On Tuesday, the West Hollywood City Council gets one of its first formal opportunities to weigh in on the MTA megamall proposed at the corner of Santa Monica and San Vicente.
It’s gratifying to hear some City Council members change their tune from their usual, “build! build! build!” script, but because the current plans include construction of a new City Hall, one must assume that some of them, or someone working for them, has had a hand in the development of the proposal before them, regardless of what they say.
Because I have not been a “yes man” to the city’s developers, many people have asked me what kind of developments I could support as a City Council member.
In nearly two decades of civic engagement in the city of West Hollywood, I have supported many new businesses — like JK Hotel Group’s San Vicente Inn, Cooley’s and Skynny Kitchen — and opposed others I thought were playing fast and loose with the law, like Restoration Hardware on Melrose or the two Townscape developments on Beverly Boulevard and at Crescent Heights on Sunset.
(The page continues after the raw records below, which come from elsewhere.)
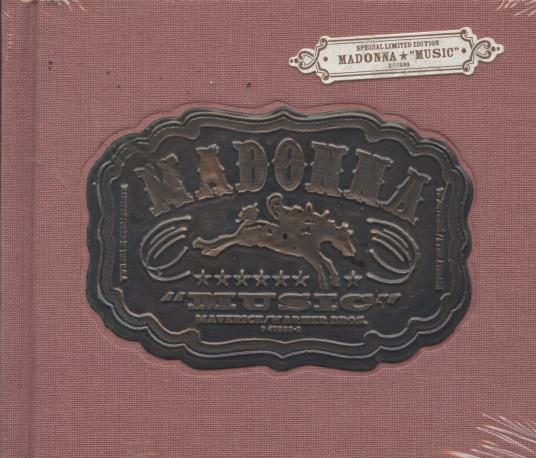 Madonna: Music Special Limited (Rose)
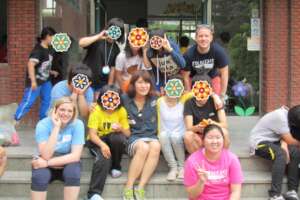 International Education for Korean Orphans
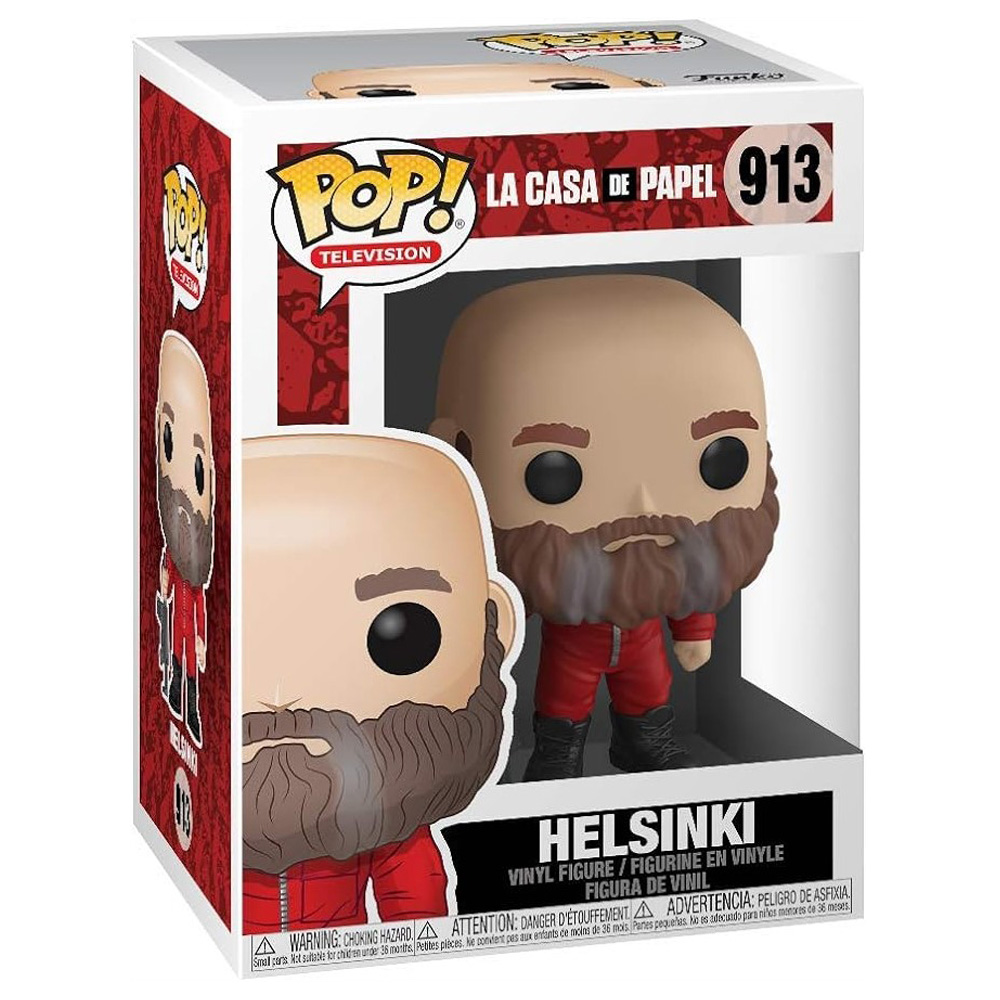 Funko POP! Television: La Casa de Papel - Helsinki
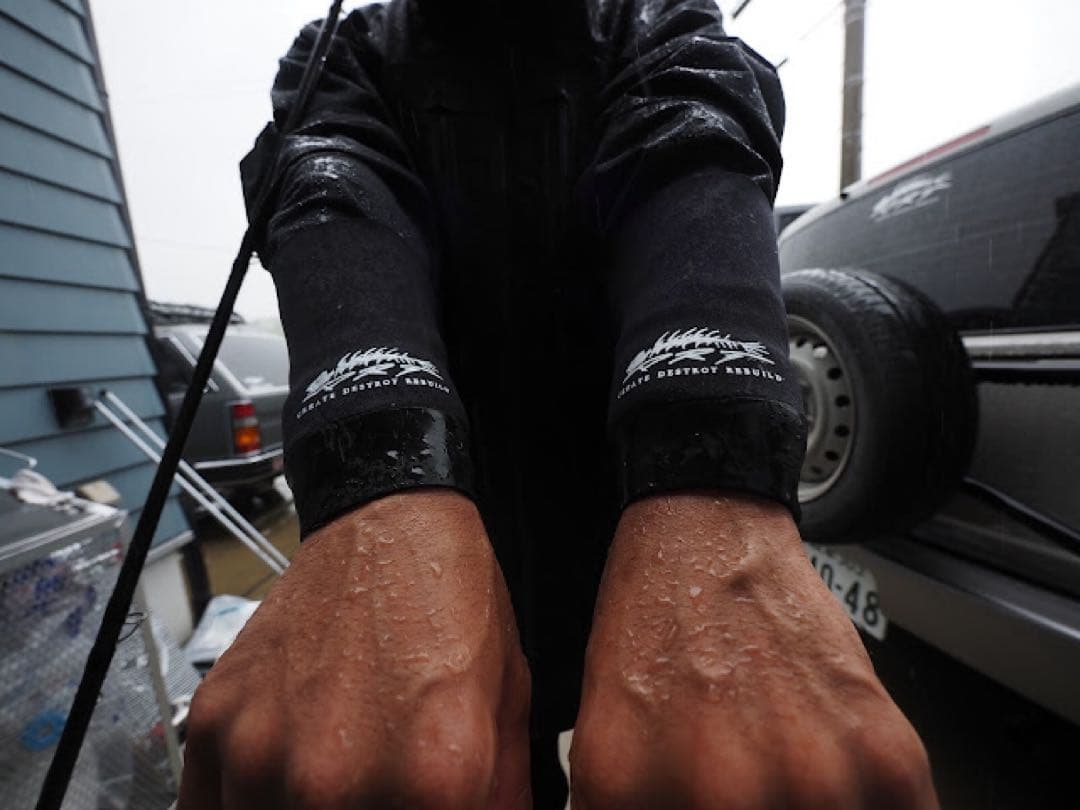 【未開封新品】DRT×TAKUMI RAIN CUFFS / レインカフス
For me, the standard is quite simple. If plans fit within the zoning ordinance and don’t need any bonuses, exemptions or variances, then it is your right to build. But if a developer wants something from the city, because they want to build bigger or taller than what’s allowed, then they have to come in with broad community support and give something back to the community.
As a market research professional, I work with companies to test out products and messages, to see how people react before a product goes to market. If responses are less than great, we keep working with people to get it right before moving ahead. It seems the development process in West Hollywood works just the opposite — plans are developed, and put forth with a take it or leave it attitude while lobbyists find just enough city stakeholders to come out in support to give political cover to the City Council.
Developers must recognize that when they come to our city, they are proposing to become neighbors, and what they leave behind will permanently alter a neighborhood.
Common decency suggests that anyone proposing to change the lives of hundreds if not thousands of people, would want to talk to them first, find out what they want and need and listen to their concerns before hiring an army of architects, lawyers and lobbyists to move a project forward. That’s called being a good neighbor and would serve any developer well. Any residents who had meaningful input in the development of a proposal are more likely to support it.
In addition to coming in with broad community support, projects that require a development agreement should come with public benefits more substantial than the million dollar checks currently accepted by the City Council. They should provide more parking than required by code, and make it available to the public at reasonable prices. If a development includes a housing element, a significant percentage of units should be put into a “housing affordability covenant” to create new rent-controlled housing units for people making median incomes. These are real public benefits that we should be negotiating for from developers like the Cohen Brothers.
A proposal such as the MTA megamall should have never gotten this far without extensive public engagement and participation. Although the City Council will likely ask the MTA to let their agreement with Cohen Brothers expire in two months, their acquiescence to the shadowy process and collaboration on plans to build a new City Hall to date reveals their true intentions.
If we want to change the future of West Hollywood, and protect our neighborhoods, we have to change the City Council. We can do that on March 3rd.
Lauren Meister is a candidate in the March 3 election for the West Hollywood City Council.